Это поистине удивительное по своей алогичности явление. В самом деле: разве не странно, что блестящей парижанин, светский элегантный человек, великолепный мастер живописи, вызывал буквально приступы неукротимого бешенства потому, что показал своим землякам, жителям столицы Франции, всего лишь зеркало.

Да, зеркало, в котором они увидели с непривычной яркостью и живостью призрачный блеск ночного бара, сочную зелень лужайки с завтракающими горожанами или бирюзовую Сену с веселыми парусами лодочников.

Бар в Фоли-Бержер.

Мане взял на себя смелость впустить свежий воздух, пленэр, в затхлую атмосферу буржуазного святилища пошлости и мещанства — Салон.

«Не считай себя великим человеком по размеру твоей тени, отбрасываемой при заходящем солнце». Эти мудрые слова Пифагора могли быть целиком отнесены к дряхлеющим метрам Салона — рутинерам и злобным ретроградам. Ведь амбиция, надутое чванство, озлобленность лидеров официального искусства были лишь показателем упадка, застоя ложноклассического и академического искусства.

Но в руках у этих монстров была сила.

Эдуарду Мане и его друзьям-импрессионистам приходилось весьма туго.

Их травили, над ними издевалась продажная пресса.

Вот строки из письма Берты Моризо своей сестре после посещения парижского Салона, где в очередной раз освистали Эдуарда Мане:

«Я нашла Мане в сбившейся шляпе, растерянного. Он просил меня взглянуть на его вещи, потому что сам боялся показаться. Никогда я не видела у него такого взволнованного лица».

«Боялся показаться» на глаза пошлякам и обывателям, которые буквально через двадцать лет будут чтить и восхвалять великого мастера.

Берта Моризо — сама прекрасная художница, верный друг импрессионистов, участница их выставок, разделявшая вместе с ними все тяготы и невзгоды. Она продолжает ту же печальную тему в другом письме:

«… Мане грустит, его выставка, как всегда, не по вкусу публике, но каждый раз его это заново удивляет…»

Эти немудреные строки раскрывают нам жестокие будни, отравлявшие жизнь Эдуарда Мане и, безусловно, ускорившие его смерть.

Но такова судьба… Гоген как-то обронил:

«В искусстве есть только бунтари или плагиаторы». Думается, что эта формула слишком категорична. Эдуард Мане, несмотря на то, что он был настоящим новатором и борцом, никак не отрицал великой роли изучения классического наследия.

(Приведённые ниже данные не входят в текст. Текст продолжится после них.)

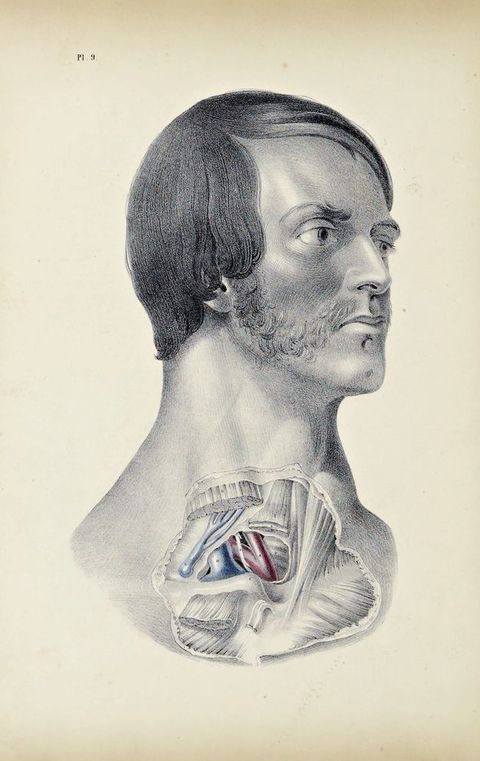 Illustration. Shown from the clavicle up, a man’s lower neck and upper chest are dissected. His pale-skinned face angles to our right. He has smooth, dark hair and mutton chops connect with a moustache. His eyes are open and his lips closed. Veins are painted blue and arteries red in the dissected area.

Неистовый поклонник старых испанцев, и особенно Франсиско Гойи, Мане поистине может служить примером преемственности традиций мировой культуры.

Он сказал:

«Искусство — это замкнутый круг, в него принимают или не принимают по праву рождения».

Это замечательные слова.

Они означают, что «ничто из ничего не происходит», говорят о непреходящей роли изучения мастерства…

Мане с первых своих шагов в искусстве до последних дней творчества дает нам блистательный пример преемственности, непрерывности в понимании красоты, в развитии мировидения.